When we talk about recursion, we're diving into a process where the outcome at one stage helps to determine the outcome at the next one. Imagine looking in a mirror that reflects another mirror; it goes on and on! That's similar to how recursion works in mathematical and computer science concepts. In population growth, recursion becomes useful because each new population size depends directly on the size of the population at the previous time period.

• Recursion often relies on initial conditions, also known as the base case, to kickstart the process.
• In the population model, knowing the number of individuals at time 0 helps us predict the future counts.

It’s like starting a journey with a map. We need the first point, and recursion tells us how to get to the next step based on where we currently are.

The recursive formula acts like a blueprint for determining future population sizes based on the current size. In our exercise, we learned that the population triples every unit of time. This is the key relationship used in the recursive formula.
To break it down:

• The given information is the initial population at time 0, which is 6 individuals.
• Each subsequent population size can be found using the formula: \( P(n+1) = 3 \times P(n) \). This implies that the next population size is three times the current size.

Think of it as baking a cake where each layer is three times the size of the previous one. You need the current layer (population at the current time) to calculate the next layer (population at the next time). This recursive formula is powerful because it can be applied repeatedly to predict long-term outcomes.
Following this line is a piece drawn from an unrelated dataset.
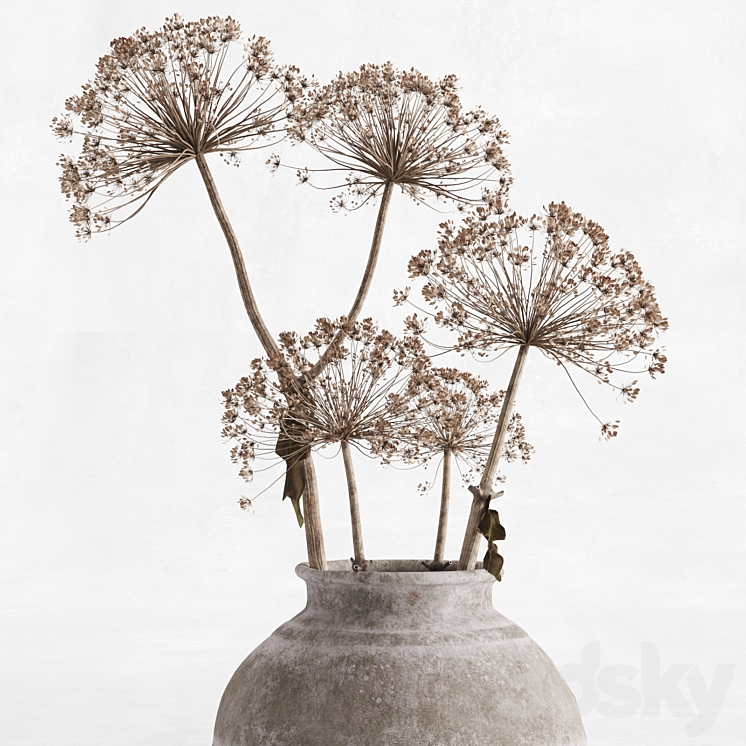 Hogweed in a clay vase 3DS Max - thumbnail 2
Exponential growth occurs when the growth rate of a quantity is proportional to its current size. This is a hallmark of processes where the larger the system gets, the faster it grows, like our population in the exercise.
In mathematical terms:

• If you start with a base population of 6 and it triples every period, what you have is exponential growth, which can be more generally represented by \( P(n) = P(0) \times r^n \), where \( r \) is the growth factor.
• In our case, \( r = 3 \), meaning each unit time the population size is 3 times its previous size.

Exponential growth is fascinating and slightly counterintuitive because it starts slow but can quickly explode into enormous numbers. Think of it like a snowball rolling down a hill; it's small at first, but with every turn, it gathers more snow, growing rapidly.